Jesus and the Samaritan Woman (John 4:1-26)
We’ve read a lot of novels and watched countless films where a character’s behavior is finally explained by some damage from their past they are trying to make up for. The strange thing is that we often find hard to discern or admit this very phenomena in our own lives.
In John’s gospel we read about the Samaritan woman who came to draw water at the well where Jesus was resting. Much has been said about the timing of her visit to the well. Why do this in the heat of the noon sun instead of the cool of the morning when women tended to go to the well. Of course we all know that she has had 5 husbands and that she was living with a man who was not her husband. We don’t know why she’d been married so often – maybe she was a teen bride widowed and passed along through a line of her elderly husband’s elderly brothers or maybe she was divorced for being infertile. The least likely thing is if she lured men into her trap, killed them after a year of marriage and just kept getting away with it!

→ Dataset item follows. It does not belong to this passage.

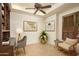 Home office with built-in shelves, desk, and comfortable seating at 10803 E La Junta Rd, Scottsdale, AZ 85255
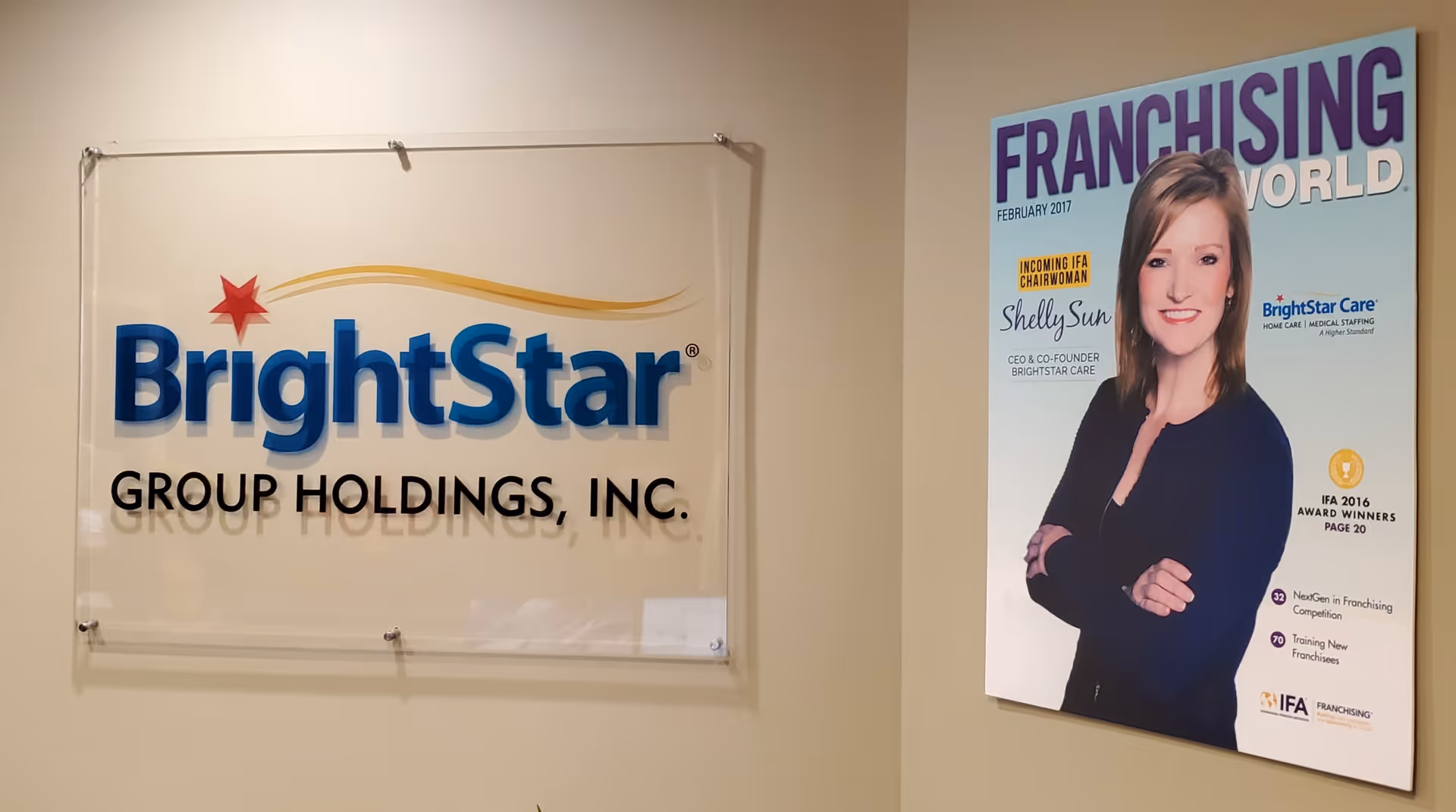 Interior wall displays BrightStar Group Holdings sign beside a Franchising World poster.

So we don’t know quite know why she was there at noon. Perhaps she not only wanted to fill her water jar but also very much wanted to avoid the other women who would have been there at first light. Maybe she just didn’t want to be seen.

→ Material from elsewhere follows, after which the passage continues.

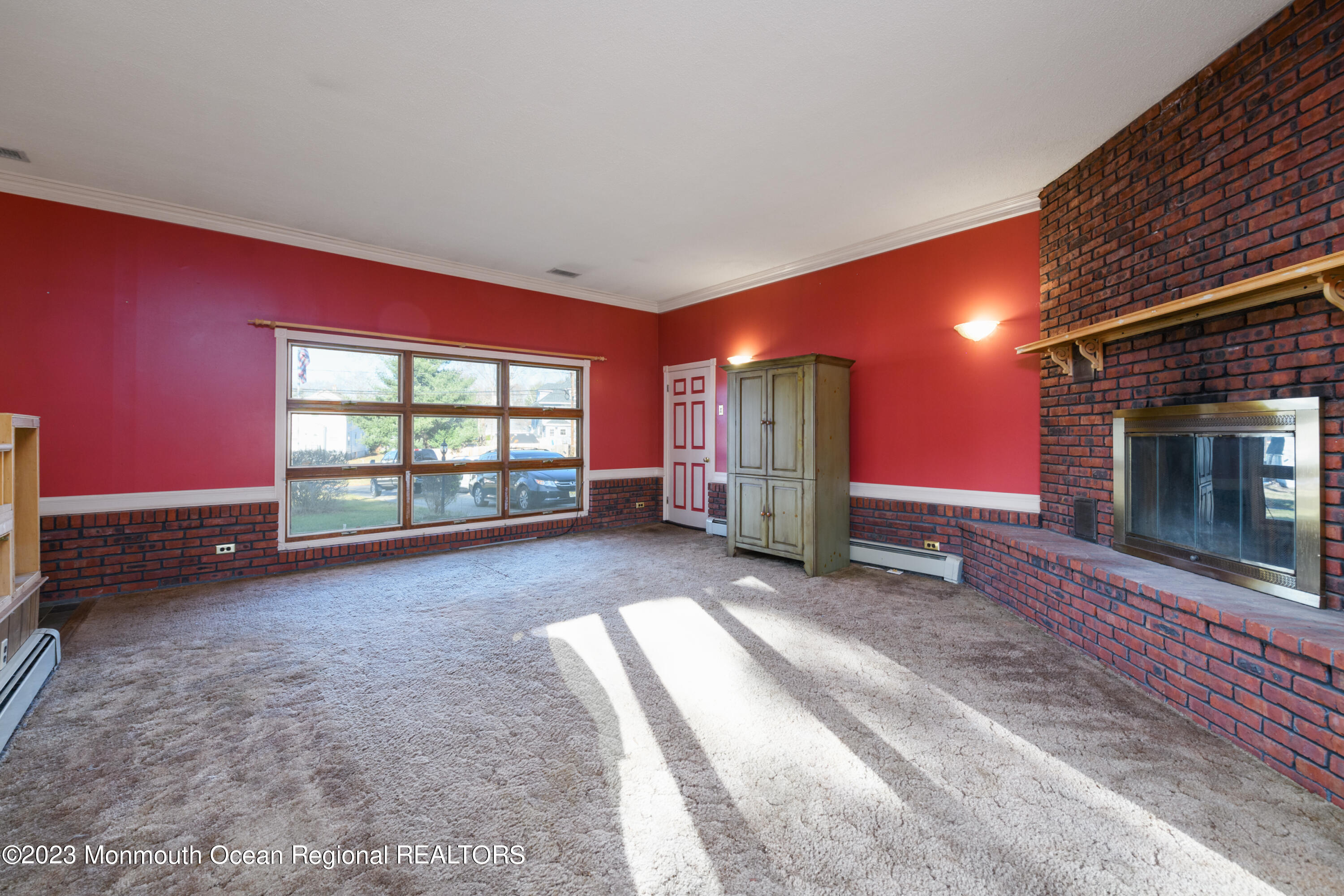 13 Texas Road Matawan, NJ 07747 - Photo 14 of 33 a view of an empty room with a fireplace and a window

But her plan of not being seen clearly didn’t work out that day. She must have been surprised to see this stranger at the well “in the heat of the day.” It was an even stranger for Jesus’ to initiate a conversation with her. This was a cultural “big no-no”! The fact that she’s an ethnic outsider whose had 5 husbands makes it an even “bigger no-no”! And yet this is by far the longest conversation Jesus has with anyone in all of the Gospels.
During the ensuing conversation Jesus offers her living water that gushes up to eternal life. When she says “Give me this water so that I may not thirst” Jesus does something remarkable. He goes straight for her wound i.e, he asks about her husband. He clearly wasn’t about to avoid that uncomfortable subject.

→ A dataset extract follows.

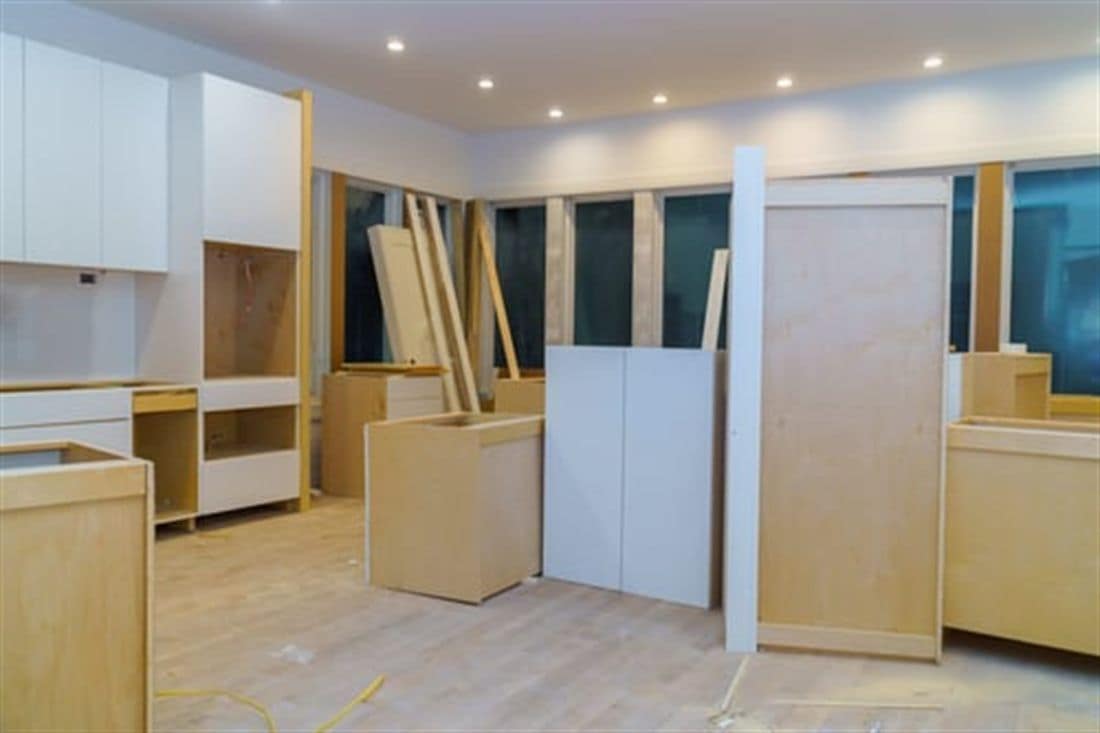 Interior home renovation in progress with new cabinetry and finish work underway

You want to stop trying to quench your thirst with things that will never satisfy?
If you want this eternal life then start with being seen Jesus says to her in effect. Start with the truth – the naked truth of your original wound, your original beauty, every good and bad thing about you.
They say that water finds it’s lowest point. The living water Jesus offered this hurting women found her lowest point. It flowed to her original wound. It found a crack in her defenses and trickled down to her lowest point, her deepest wound, her greatest need and she finally exhaled. In fact, she relaxed so much she totally left her water jar at the well.
In fact that jar is a great metaphor for what we think will quench our thirst, make us whole, hide our wounds, make us loveable. In the end, being known, loved and forgiven as we are by our true God is the only thing that can quench our spiritual thirst in a way that no amount of success or admiration or romantic love or any other thing ever can.
So whatever your lowest point, whatever the deepest wound, the vilest sin, the damaged thing in you is, the living water of Christ’s compassion will find it, can find it, has found it.
You can just leave your jars behind.